WASHINGTON — President Bush signed a sweeping measure Wednesday that provides $48 billion to combat AIDS and other diseases globally and that also ends a long-standing U.S. ban on foreign visitors and immigrants who are HIV-positive.
The travel ban, approved in 1993, was seen by opponents as an anachronism from a period of hysteria surrounding gays. Its repeal, however, does not remove all U.S. travel impediments.
Activists will now turn their focus to the Department of Health and Human Services, which in 1987 placed HIV on its list of diseases barring entry into the U.S. That prohibition is separate from the congressionally imposed travel ban. But with the overarching ban by legislators repealed, federal health officials are no longer bound by law to keep HIV on the list.
"It's hard today to put yourself back there and imagine the kind of ignorance and misinformation that was prevalent in the early 1990s," said Rachel B. Tiven, executive director of Immigration Equality, a New York-based group that advocated repealing the ban. "People believed the most fantastical, unrealistic things about gays. Congress has finally cleared the way to reverse that series of bad decisions 20 years ago."
It's unclear whether Health and Human Services plans to address the ban in the near future. An agency spokeswoman did not return a call for comment Wednesday. The Centers for Disease Control and Prevention, which is under Health and Human Services' jurisdiction and would make recommendations about the ban, also couldn't be reached.
But advocates of repeal said they were hopeful. In 1991, Health and Human Services proposed removing HIV from its list of diseases barring entry into the U.S. But the move drew outrage from religious conservatives, who delivered thousands of letters during a public comment period, derailing the effort, said Victoria Neilson, legal director for Immigration Equality.
A similar public comment period would be likely if the agency again proposed to remove HIV from the list.
"That's where the battle may be," Neilson said. Attitudes have changed, however, and the debate may be different today, she added. During Senate debate on the AIDS bill this month, conservatives steered clear of a fight over the provision to repeal the travel ban.
"People understand it's a virus, not a black plague or something. There's no reason for a disease that isn't airborne to be on the list," Neilson said.
Only 11 other countries, including Saudi Arabia, Sudan, Libya, Iraq and Colombia, maintain such a travel ban. Other diseases triggering the U.S. travel ban include leprosy, gonorrhea and tuberculosis.
Waivers are available, but activists consider them unfair and burdensome. A short-term waiver allows foreigners to visit temporarily if they can show that they don't have HIV symptoms, don't pose a threat to public health and can pay for their medical care, if necessary.
For some of those directly affected, the ban has led to years of frustration. Howard Wallen, 39, of New York met his future wife, Abeba, while traveling through Ethiopia's northern Tigray region in 2002. They married five months later. Soon thereafter they learned she was HIV-positive, setting off a struggle to get her into the U.S. that lasted until her death in Egypt last September.
U.S. officials would not allow her to enter the country unless she had health insurance, Wallen said. He found insurance companies that would cover his wife, but only if she was physically present in the U.S.

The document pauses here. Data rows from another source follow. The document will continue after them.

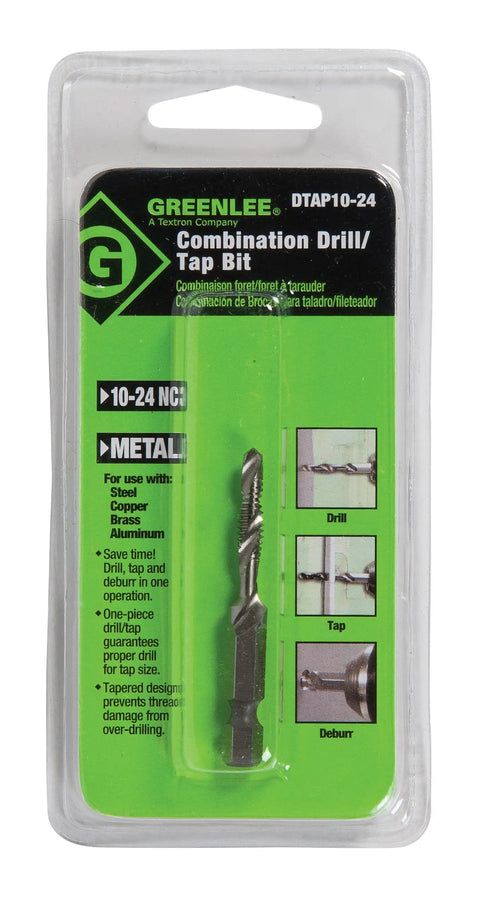 Top Shelf Heavy Duty Drill Tap Countersink Combo Bit High Speed Steel fits 10 24 fastener in clear packaging for metal tasks.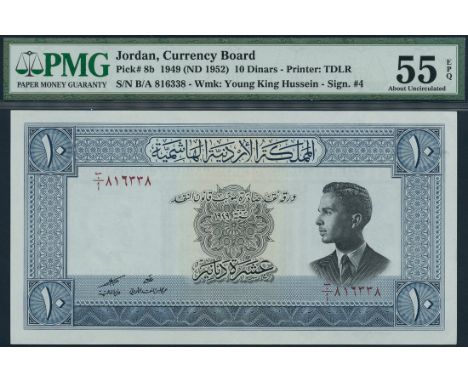 (x) The Hashemite Kingdom of Jordan, 10 dinars, L.1949 (1952), serial number B/A816338, blue print, King Hussein at right, va
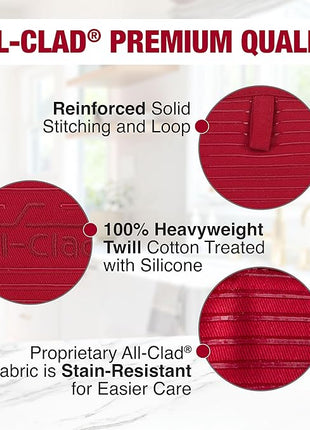 All-Clad Premium Pot Holder & Heating Pad, (1-Pack) Heat Resistant to 500 Degrees, 100% Cotton 10"x6.25" for Kitchen and Barbeque, Chili Red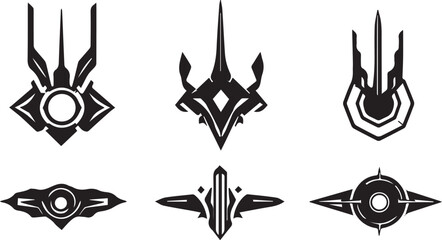 Set of minimalistic futuristic elements. Hand drawn vector illustration
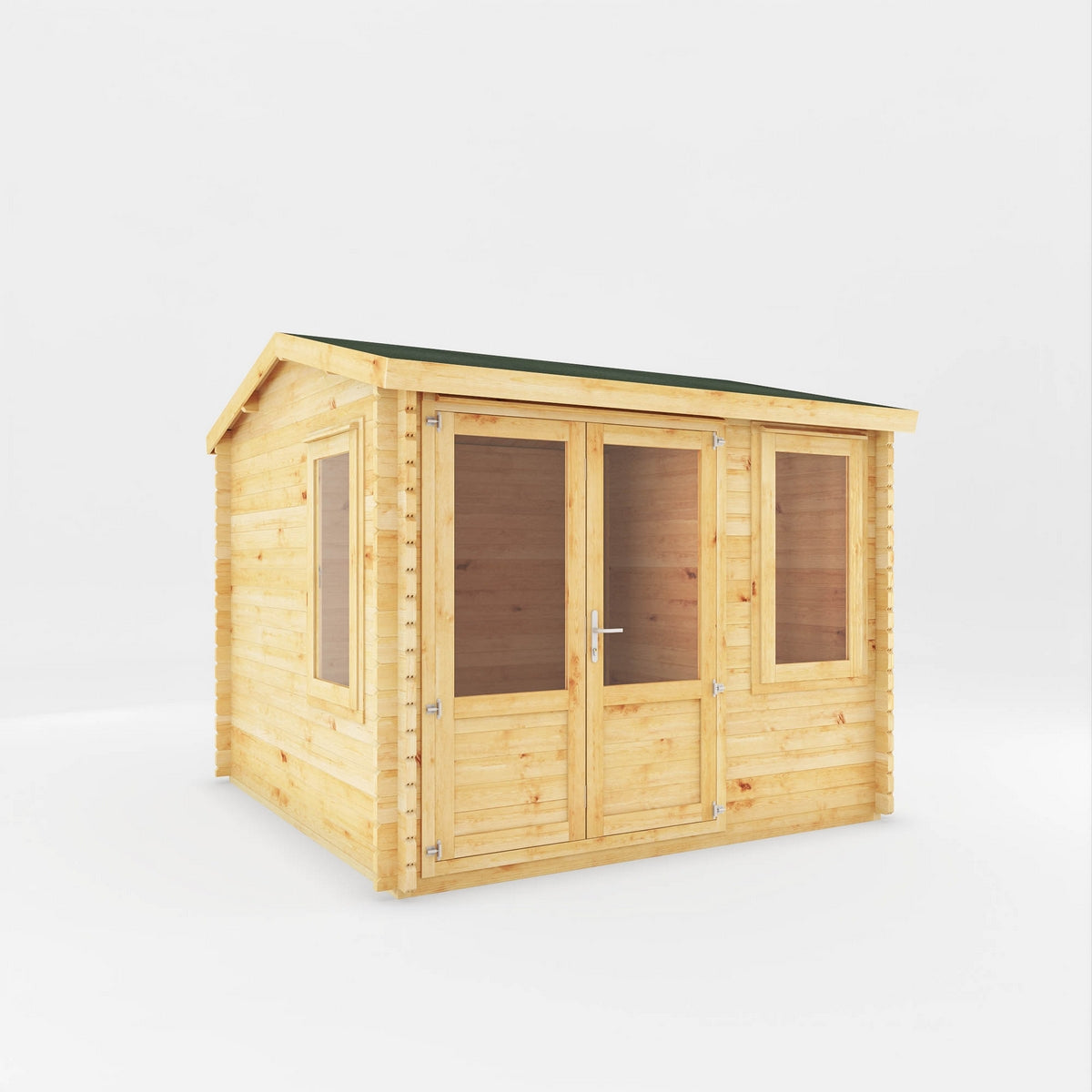Mercia Elite 10' 3" x 9' 11" Reverse Apex Log Cabin - Premium 44mm Cladding Loglap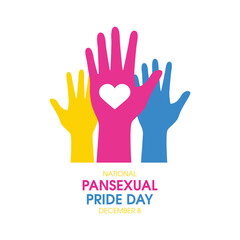 Pansexual Pride Day vector. Pansexual pride flag human hands up vector. Raised hand with heart shape icon isolated on a white background. LGBT design element. December 8. Important day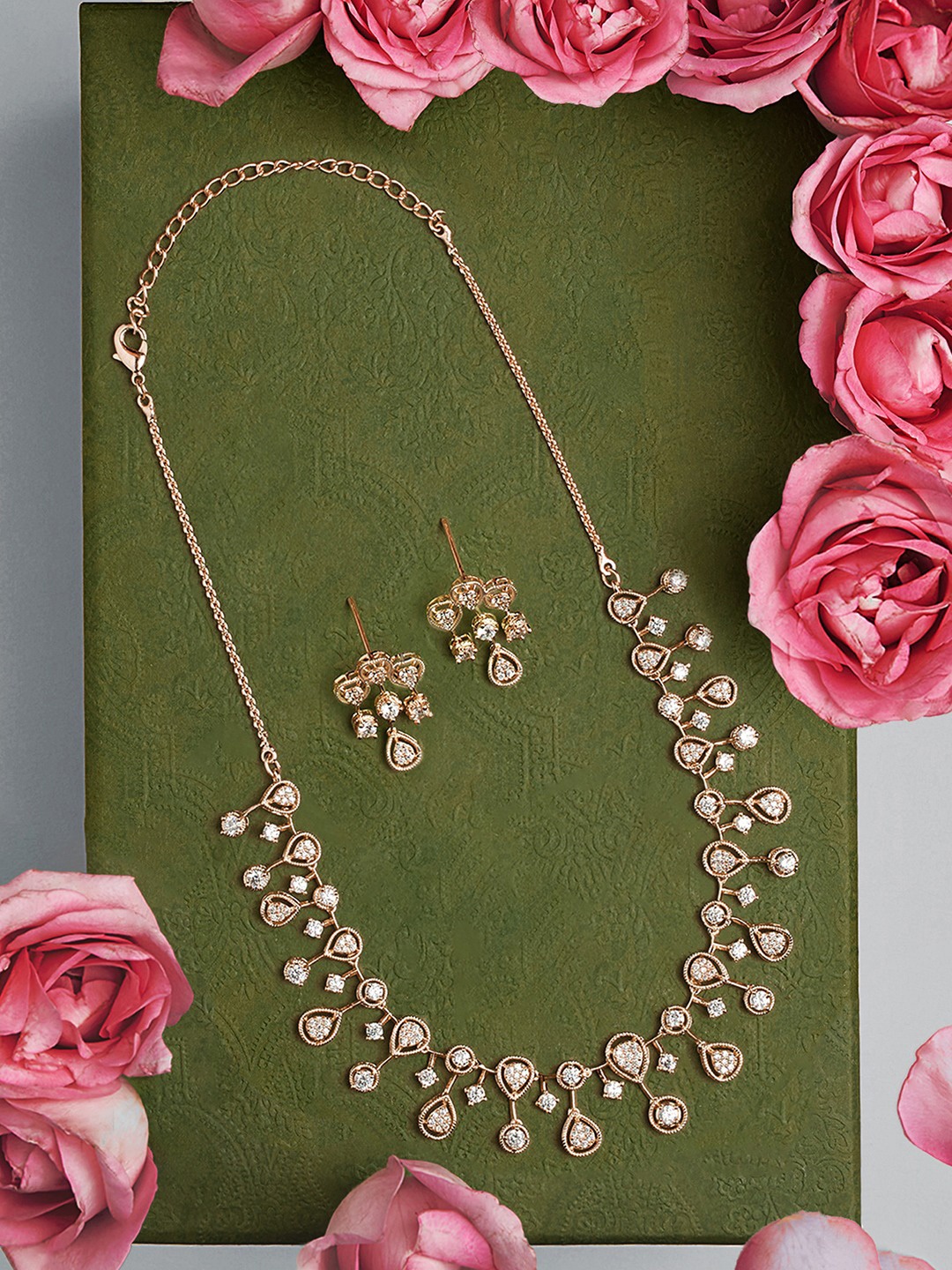 AMI Gold-Plated Cubic Zirconia Studded Jewellery Set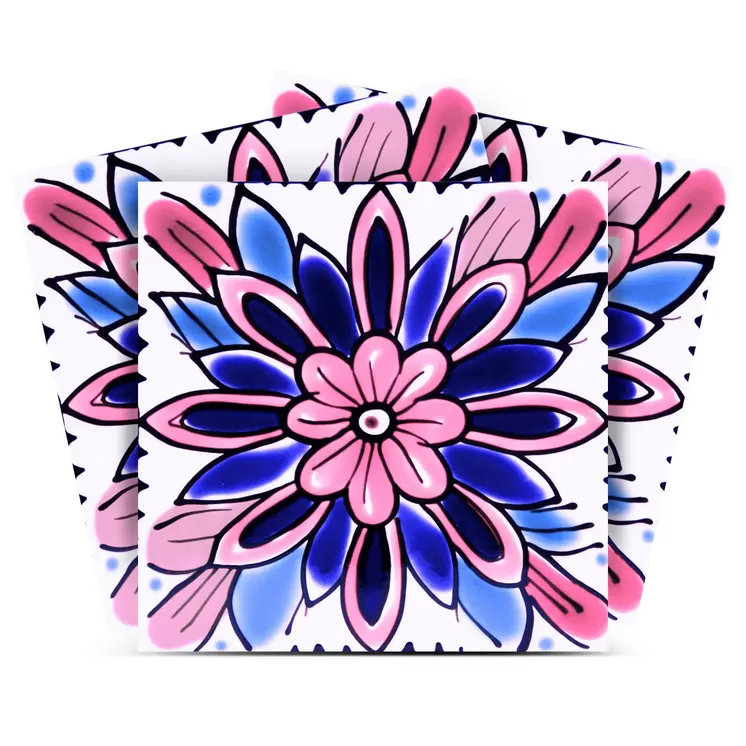 4" x 4" Blue And Pink Vinyl Arabesque Peel And Stick Removable Tiles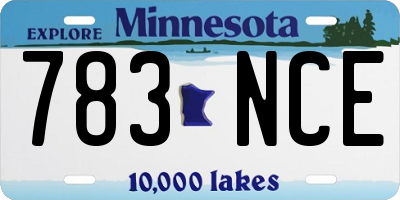 MN license plate 783NCE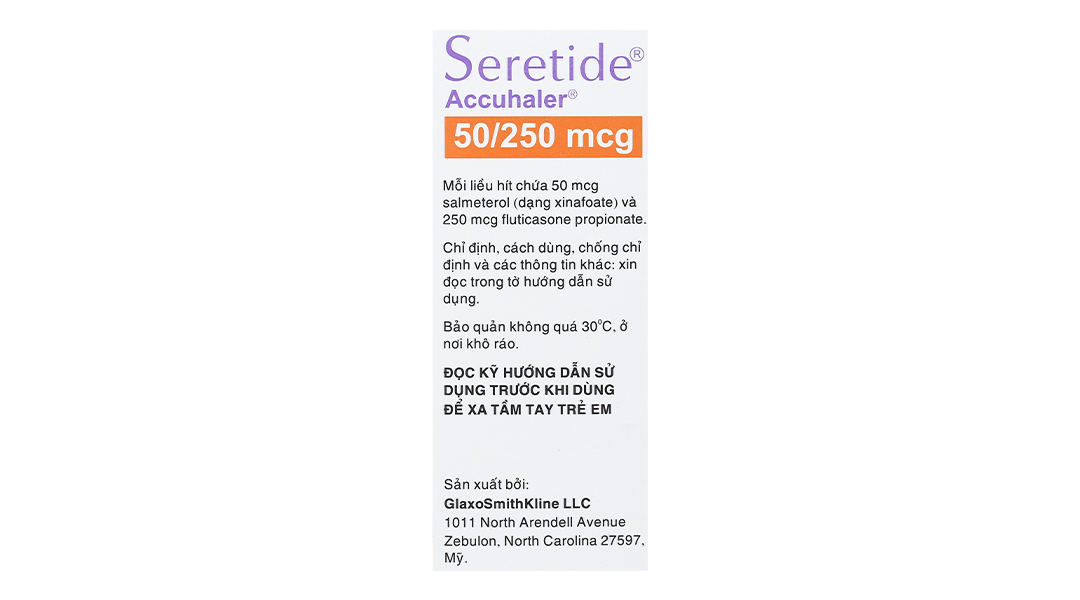 Bột hít phân liều Seretide Accuhaler  50/250mcg trị hen suyễn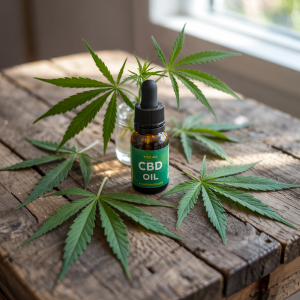 An array of premium CBD products arranged in a sleek, modern design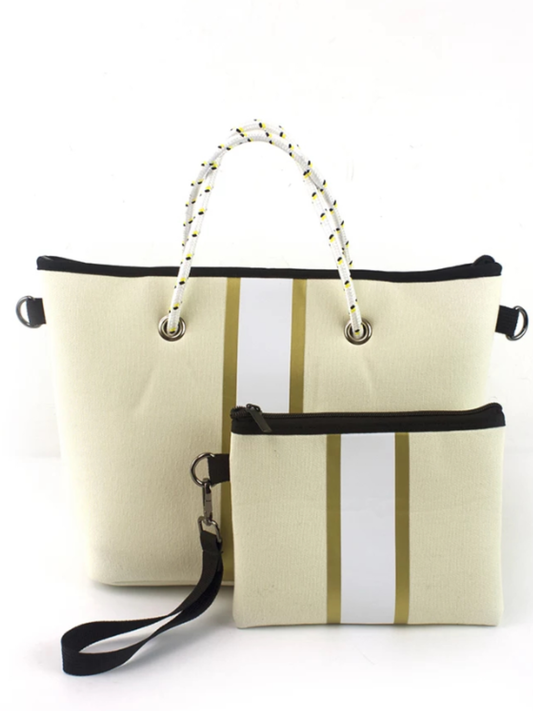 Cream with Gold Stripe Mini Cross Shoulder Neoprene Bag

It was a "classic Catch 22" resulting from the travel ban and illustrates the challenges posed by the waivers, said Tiven, of Immigration Equality.
Today, Wallen's 4-year-old daughter, Hana La Paz Wallen, can fluently speak both English and Amharic, her mother's native language.
"America's a blessed country and a beautiful place . . . but what we had to go through with separation was unfair," Wallen said, fighting back tears. "I don't want other families to suffer the way we have. The bill is about taking a step in the direction of ensuring that dignity for other families."